We are using a single table replication as an example. The source and destination table, orders, has three columns - id, status and description.

Setup¶

Environment for this demo is set up using Terraform. You would need to authenticate to the Terraform using credentials with sufficient privileges to enable several services and create required artifacts - Spanner database, BigQuery dataset and Google Cloud Storage bucket used by Dataflow.

To tell Terraform where create these artifacts create terraform/terraform.tfvars file. At a minimum, it should define the id of the project to be used:

project_id = "<your-project-id>"

The terraform/variables.tf file lists additional variables you can override in that file.

Create the environment:

source setup-env.sh

This will create all the artifacts and set up several environment variables. You can run this script multiple times without causing any side effects, e.g., if you Cloud Shell session disconnects, and you would like to try the following steps.

Compile the code and run the unit tests¶

Make sure to use Java SDK version earlier than 21 because Dataflow doesn't yet support it. This pipeline was tested with version 11.

./gradlew build

Run a pipeline¶

./run-pipeline.sh

You can check on the status of the pipeline by following the link which is printed to the console by this script.

Verify that the pipeline works¶

Once the pipeline is started and running, go to the Spanner console.

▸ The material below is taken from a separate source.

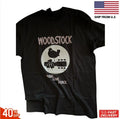 Woodstock T-shirt LARGE 100% Cotton NEW shipping included reprint sale 40% hot !
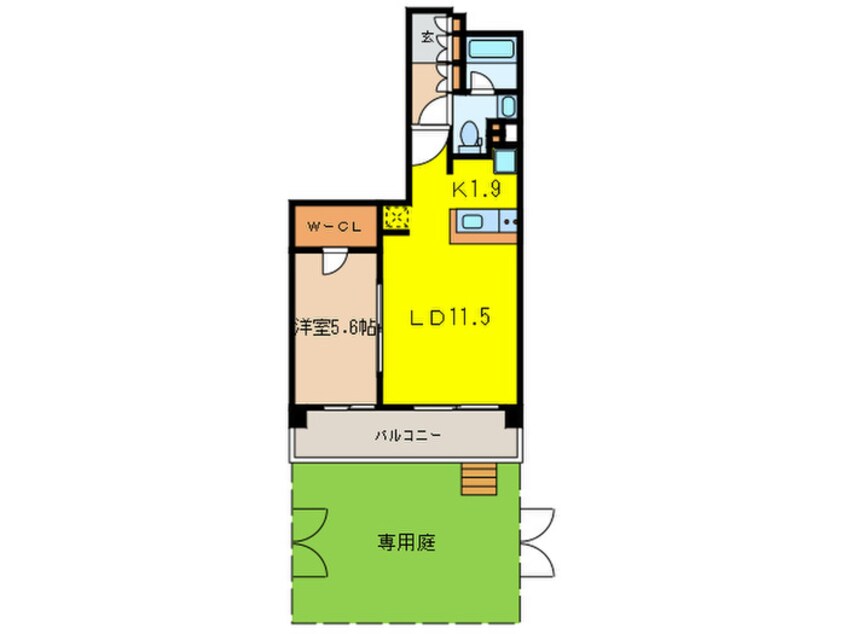 間取図 パークキューブ西ヶ原ステージ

Create and modify several orders using these SQL statements as example:

Creating new orders¶

INSERT INTO orders (order_id, status, description)
    VALUES (10000, 'NEW', "My first order");

Updating orders¶

UPDATE orders
    SET status = 'PROCESSED'
    WHERE order_id = 10000;

Please only use statuses 'NEW', 'SCHEDULED', 'PROCESSED', or 'DELETED' because the pipeline will only accept these values.

Deleting orders¶

DELETE orders
    WHERE order_id = 10000;

Verify that your changes replicated into BigQuery by running the following query in the BigQuery SQL Studio:

SELECT *
    FROM `spanner_to_bigquery.order`
    ORDER BY order_id DESC LIMIT 1000

It might take several seconds for the changes to appear in BigQuery

Clean up¶

Shut down the pipeline¶

./stop-pipeline.sh

Delete the infrastructure¶

 terraform -chdir=terraform destroy